In Fall 2021, the Anti-Racist Digital Research (ARDR) Initiative pilot launched. The ARDR Initiative is a mini-grant program that supports early-stage digital scholarship projects that advance anti-racism and social justice in the humanities, arts, and humanistic social sciences. The pilot was met with an overwhelming response — from a competitive pool of over 30 applications, six project teams were awarded grants. This program was made possible through a partnership with the U-M Library, the College of Literature, Sciences, and Arts Technology Services, and the National Center for Institutional Diversity’s Anti-Racism Collaborative.

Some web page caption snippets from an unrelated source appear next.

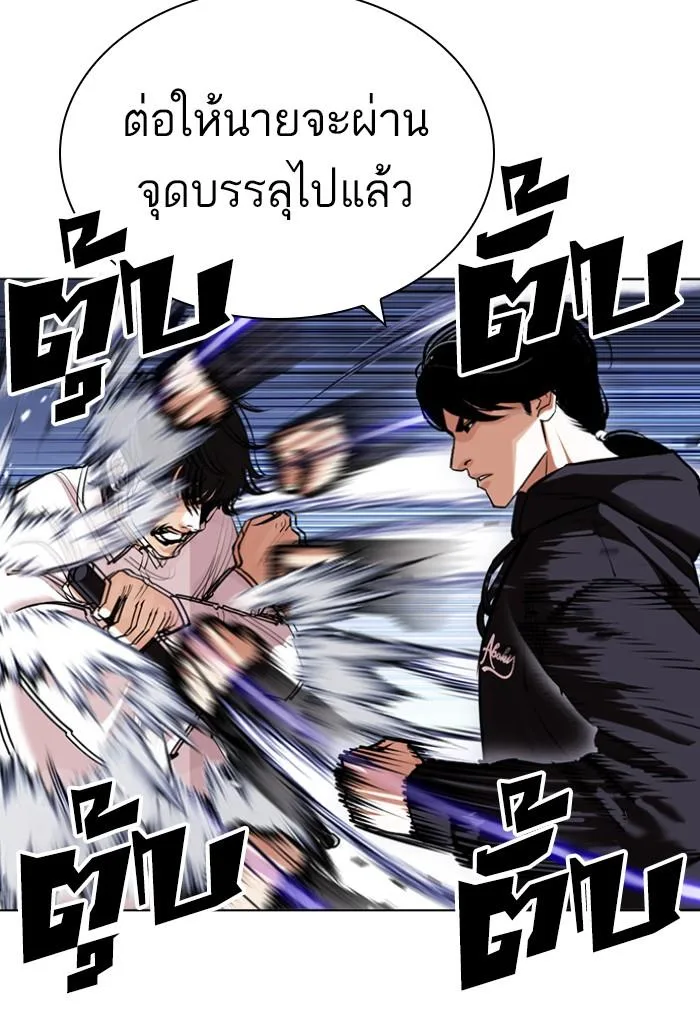Lookism ตอนที่ 423 หน้า 104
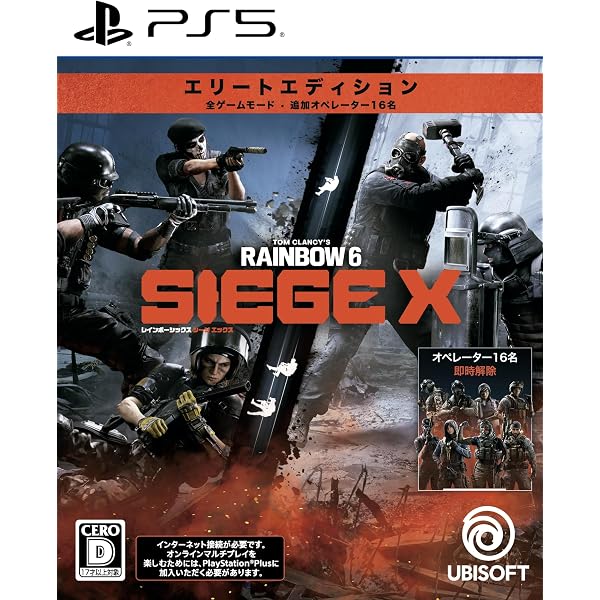 Amazon.co.jp: レインボーシックス シージ YEAR6デラックス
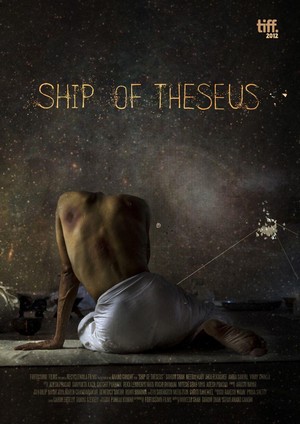 Ship of Theseus (2012) - poster
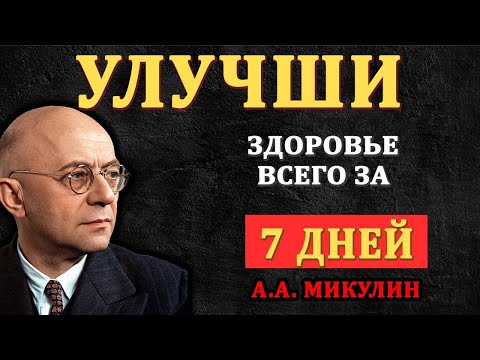 Видео: Пей воду правильно, чтобы прожить до 100 лет: Секрет, о котором молчат | Александр Микулин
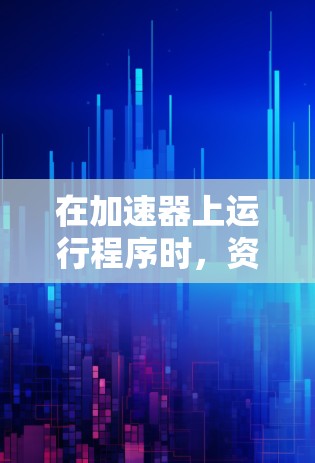 在加速器上运行程序时，资源访问问题可能涉及多个方面。以下是针对不同问题的解决方案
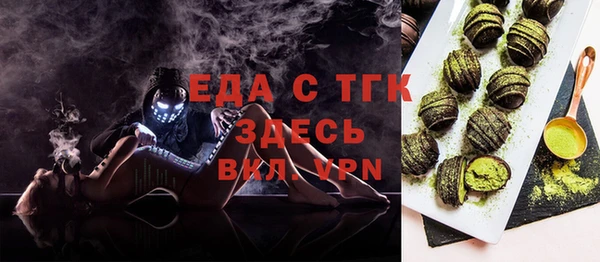 мефедрон VHQ Беломорск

DAAS Professor Stephen Ward will be working on the Digital Archive of the James and Grace Lee Boggs Center. This project will work toward creating a digital archive for the James and Grace Lee Boggs Center to Nurture Community Leadership, a nonprofit organization located in the home of these longtime Detroit activists. James and Grace Lee Boggs were active participants in the major racial and social justice movements of the 20th century, and they stand as central figures in Detroit’s rich history of anti-racist struggles. They have influenced generations of grassroots organizers, and they continue to inspire contemporary activists and movements. Founded in 1995, the Boggs Center carries forward their ideas about social change and their legacy of anti-racist activism, supporting or helping to launch a range of local protest movements, community-building activities, and grassroots organizations in Detroit. The project will organize and digitize an array of materials that have emerged from these activities, as well as material documenting the activism and thought of James and Grace Lee Boggs.